» **AIM OF THE TASK**
Return all the entries exactly. No pictures.

» **EXERCISE MATERIALS**
· · · · ·

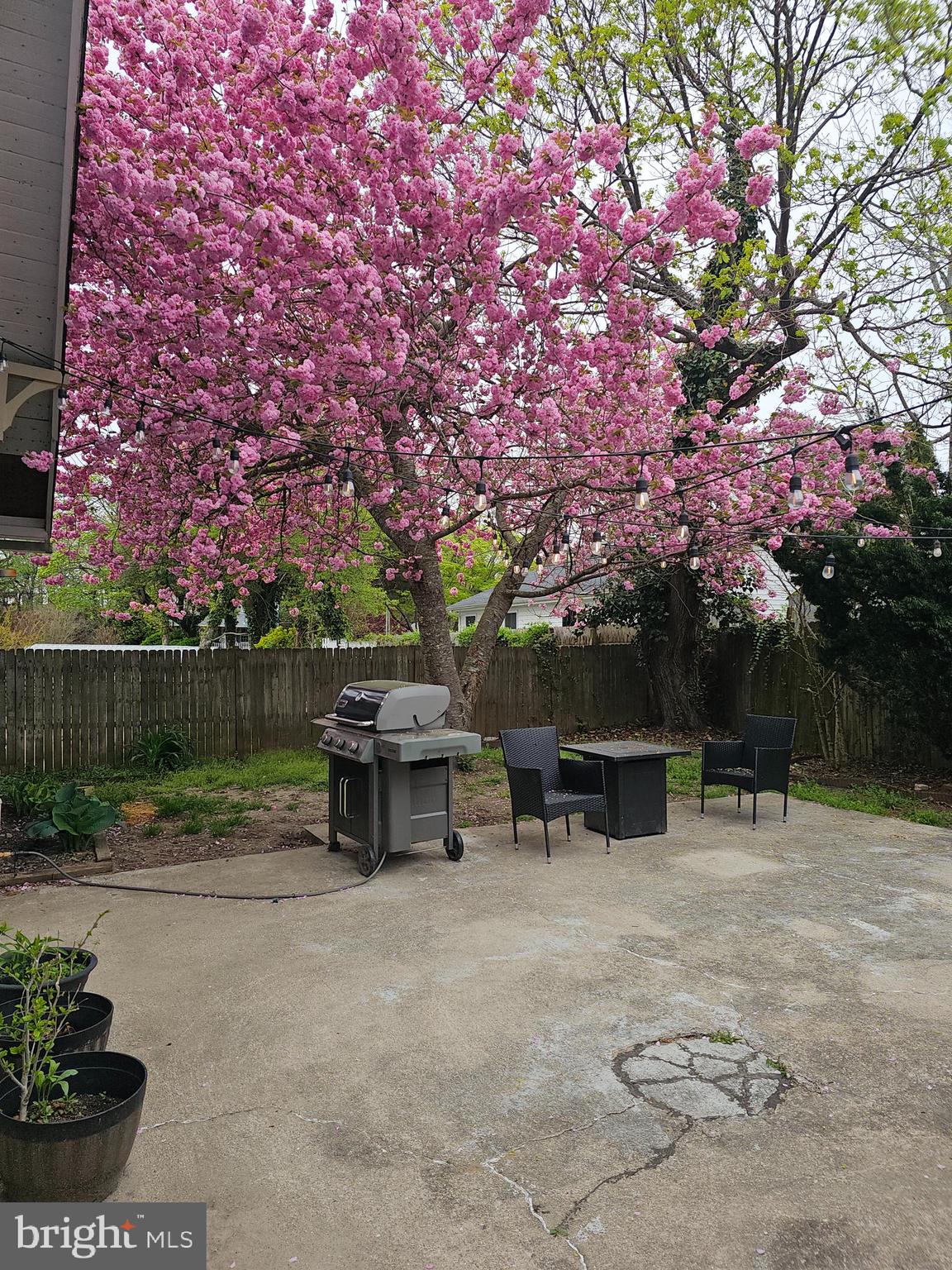 216 MARLIN ROAD
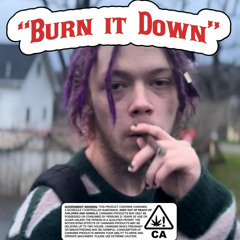 Burn it Down [prod. Hecto x WildDog]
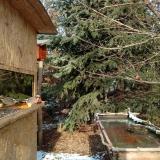 photo 2022-01-09 13-00-38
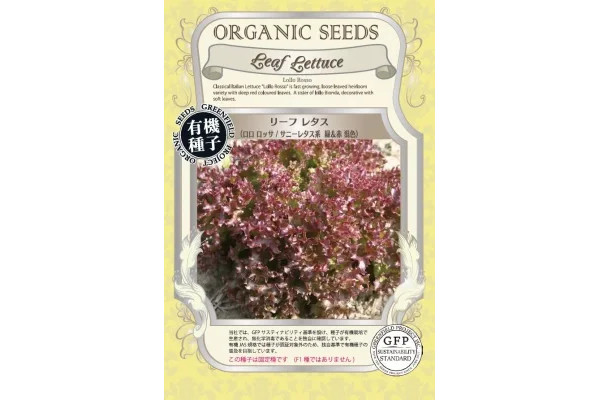 野菜の種：有機種子　リーフレタス（ロロロッサ 緑＆赤混色）[野菜タネ]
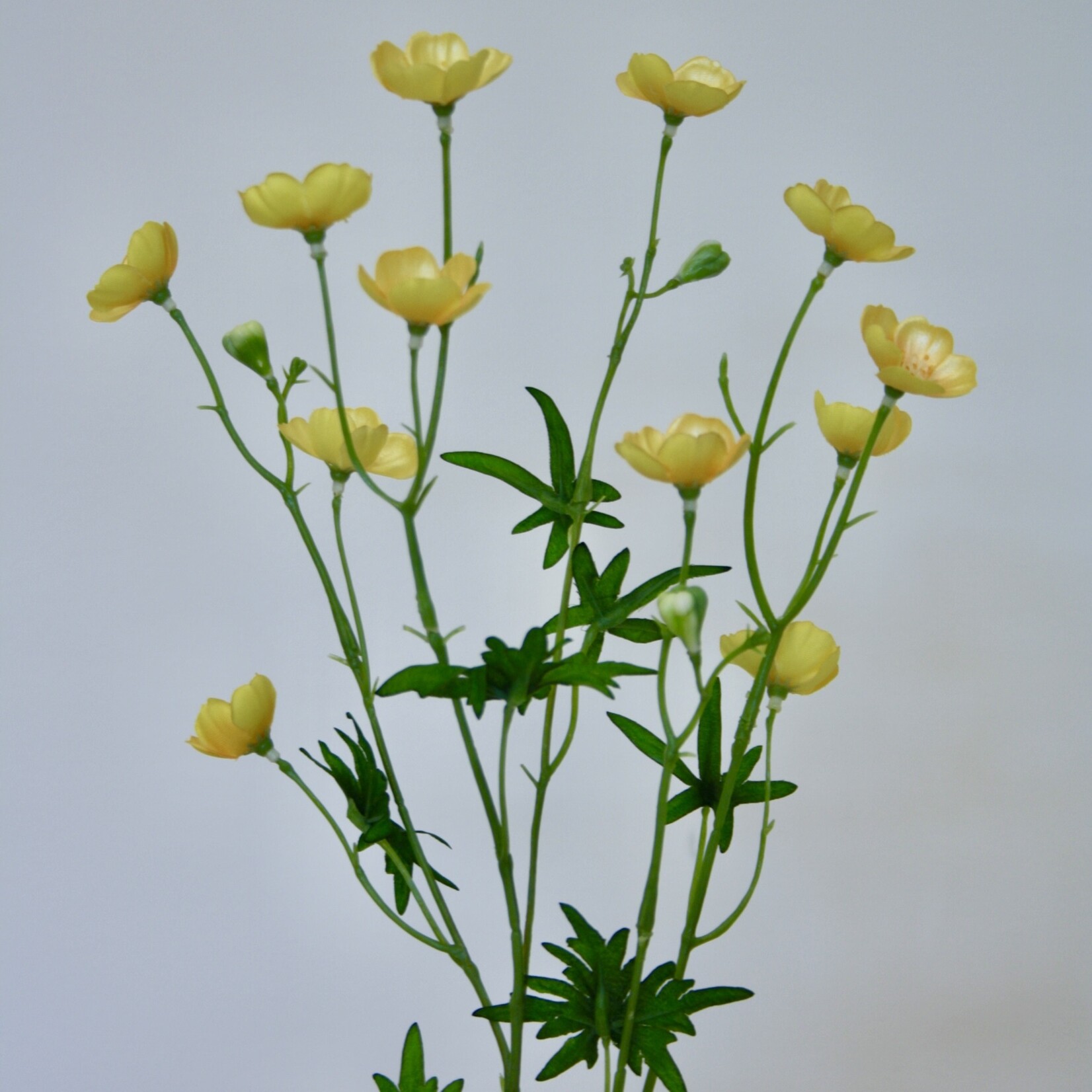 BUTTERCUP | YELLOW | 68 CM
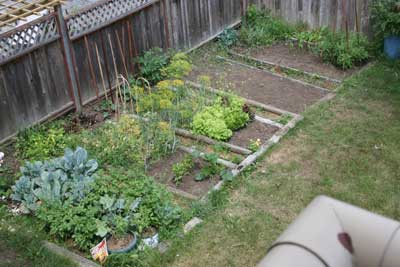 Garden-without-garlic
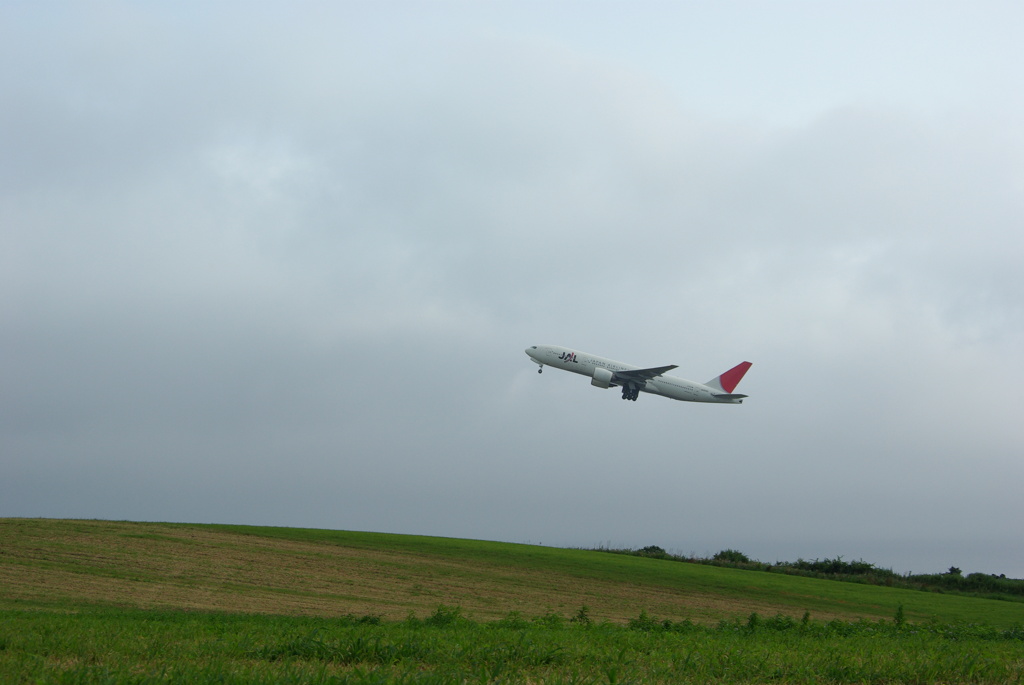 B777-200  JA008D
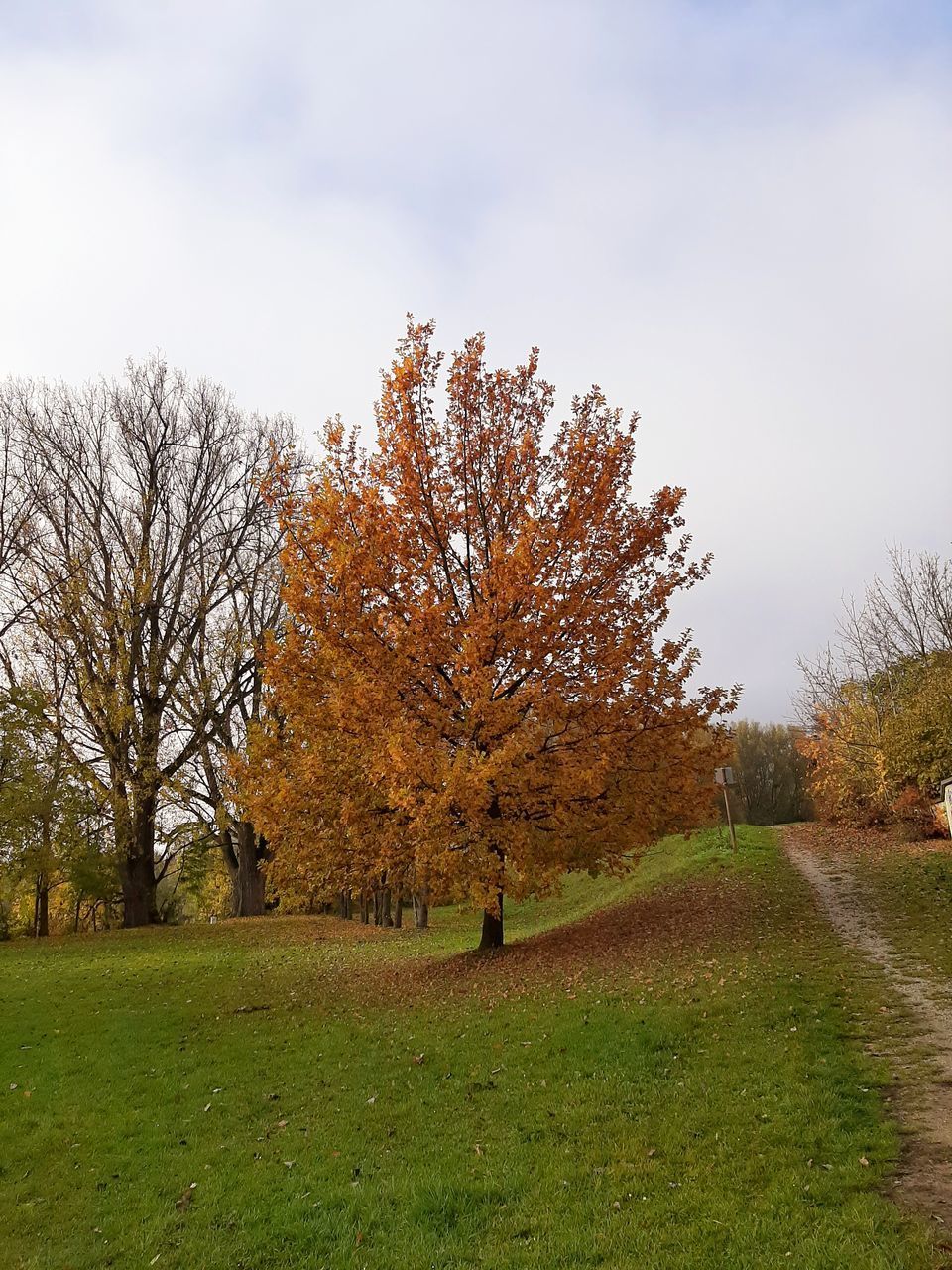 TREES ON FIELD AGAINST SKY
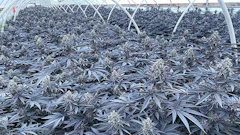 Breedersgushmints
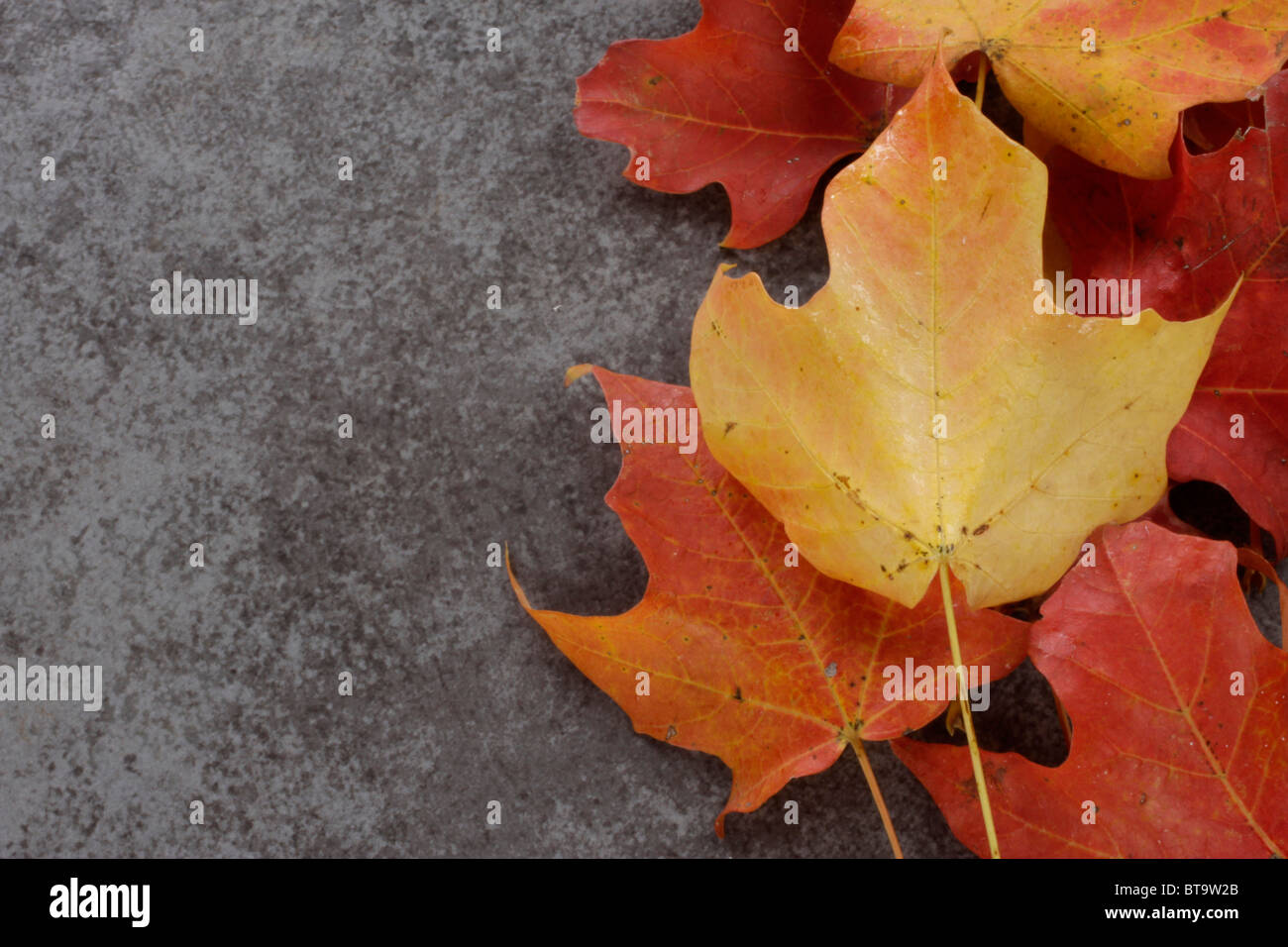 Mapple Blätter im Herbstfarben Stockfoto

· · · · ·

» **RESPONSE FOR THIS EXERCISE**
 216 MARLIN ROAD
 Burn it Down [prod. Hecto x WildDog]
 photo 2022-01-09 13-00-38
 野菜の種：有機種子　リーフレタス（ロロロッサ 緑＆赤混色）[野菜タネ]
 BUTTERCUP | YELLOW | 68 CM
 Garden-without-garlic
 B777-200  JA008D
 TREES ON FIELD AGAINST SKY
 Breedersgushmints
 Mapple Blätter im Herbstfarben Stockfoto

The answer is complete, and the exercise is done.